Ohanian: In high school, I was a pretty good student, but I did the least amount of work possible to get the best possible grades. I didn't exercise the muscles of project management that much. Probably, the most I did was planning activities for video game teams. I was the administrator and a team leader, so I'd organize things and set goals for tournaments. It was really in college when I actually started to understand that we have a team and we need to be aligned to accomplish a goal and actually run the steps of the process to manage a project from idea to execution. One of the best things that came out of my four years at the University of Virginia was getting real experience doing project management in the undergrad business school, McIntire. We’d form a team and say, “All right, we have members with different ambitions, all having to come together and, hopefully, turn in something at the end of the semester that we are proud of.” I realized this is how we actually launch a startup and build a business. After graduating, when I was starting my first company, Reddit, that was when it really leveled up. It was very obvious that being successful at project management was the only way I was going to be able to build the company.  

PMI: What is the most challenging project you're managing right now?

Ohanian: There's no shortage of interesting and challenging projects to be managed personally and professionally. The biggest one on my mind now is a new fund that I'm raising [Seven Seven Six is an investment fund, named for the year 776 B.C. when the Olympics were first held]. My favorite part of starting a business is working with a blank canvas for the first three to six months. However, my team and I need to be deliberate about it by staying on top of all the different projects and having them funnel up to an outcome that we're proud of at the end of the day.

PMI: What's the most significant project you've ever worked on?

Ohanian: The most significant project that I've ever worked on, I guess, would be Reddit. But I hope it will be this new one that we're working on right now, Seven Seven Six, which has some pretty lofty goals. 

I should mention I treated planning for my wedding as a major project. [Ohanian married tennis superstar Serena Williams in 2017.] We had shared documents and spreadsheets—all that stuff. I just feel comfortable in project management mode, which is not always the most romantic, but it's worth it.
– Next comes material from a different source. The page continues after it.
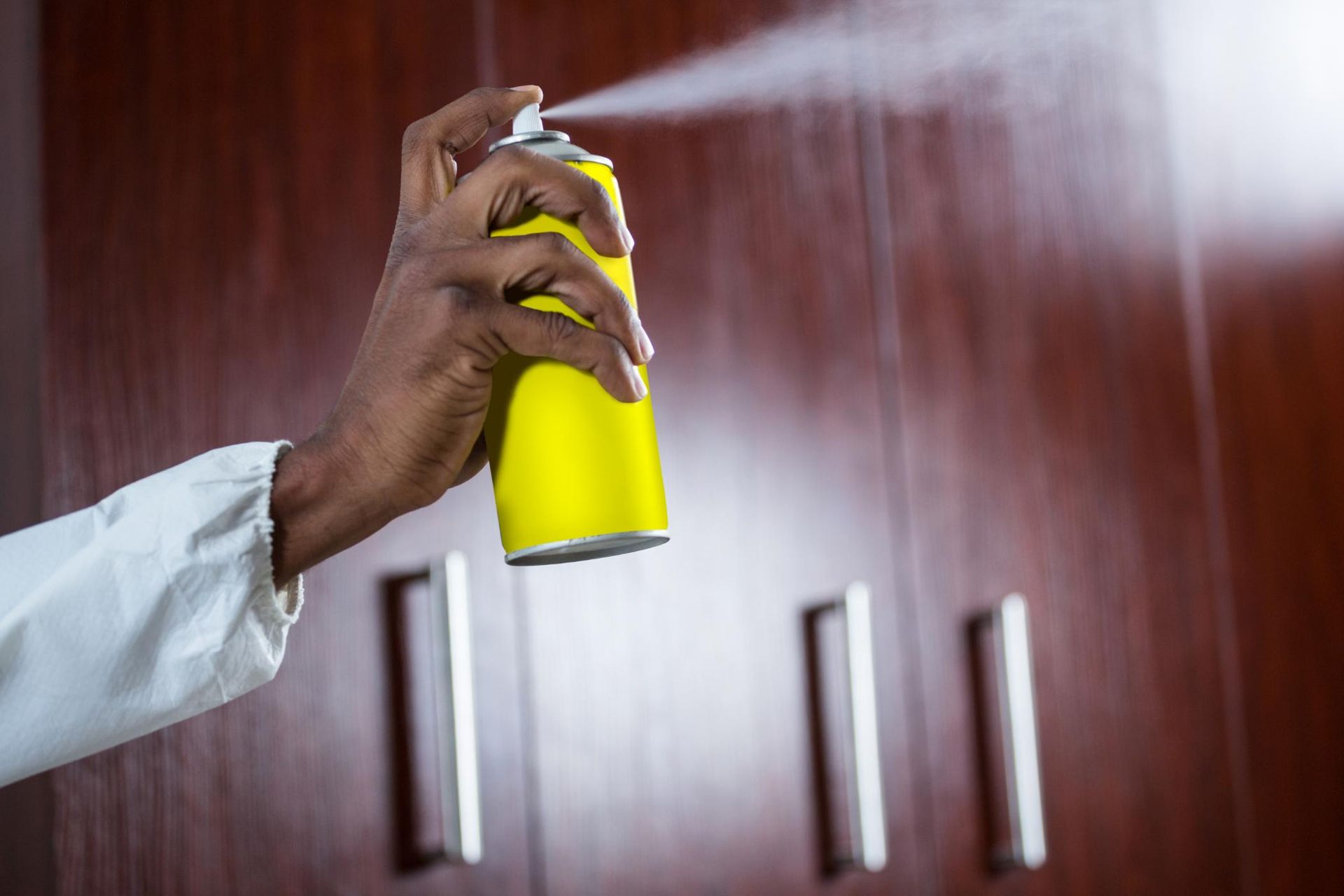 A person is spraying a can of spray on a wooden cabinet.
PMI: What is a key project management lesson you learned?

Ohanian: It’s important to get your team on board. You can do a lot of it in isolation, but you'll only get so far—you'll get a lot further working together. Part of that comes from getting buy-in from your team and using the right tools to make sure you have accountability. It’s a tricky thing and something I’ve definitely gotten better at over the years. If you're trying something really ambitious, it may take a few years or even a decade to accomplish. So it’s important to have accountability because it's the only way you'll know you're making progress toward your goal. Accountability keeps people aligned, keeps them motivated and helps the team understand what they've done but also where they still need to go.

PMI: What is one project where you felt that you were practicing agility? 

Ohanian: Doing early stage investing, there is a lot of context switching, where over the course of a day, I could see five pitches, and each pitch involves a different industry, a different product and a different founder and team. There is a kind of agility required from me and the team. We need to be able to context switch every hour or so to some other company that we're evaluating or that we've invested in and are working with, in order to really be valuable and helpful to them. It’s a gift and a curse of the age we live in that we’re one tab away from another distraction—it’s made it a lot more natural, and we have a greater ability for that kind of rapid context switching. 

PMI: What is a moonshot idea that you’d love to assemble a team around and make reality?

Ohanian: I can’t do a rocket company because that’s taken. It would have to be something environmental around climate change. I don’t have experience with this sort of thing, but I would love to be able to fund a team with the ambition to have a huge impact on climate change through technology. I believe climate change is an existential threat that's going to affect all of us, and disproportionately, it will affect the disenfranchised and the poor. It’s probably one of the most important things I could be working on—so that would be it.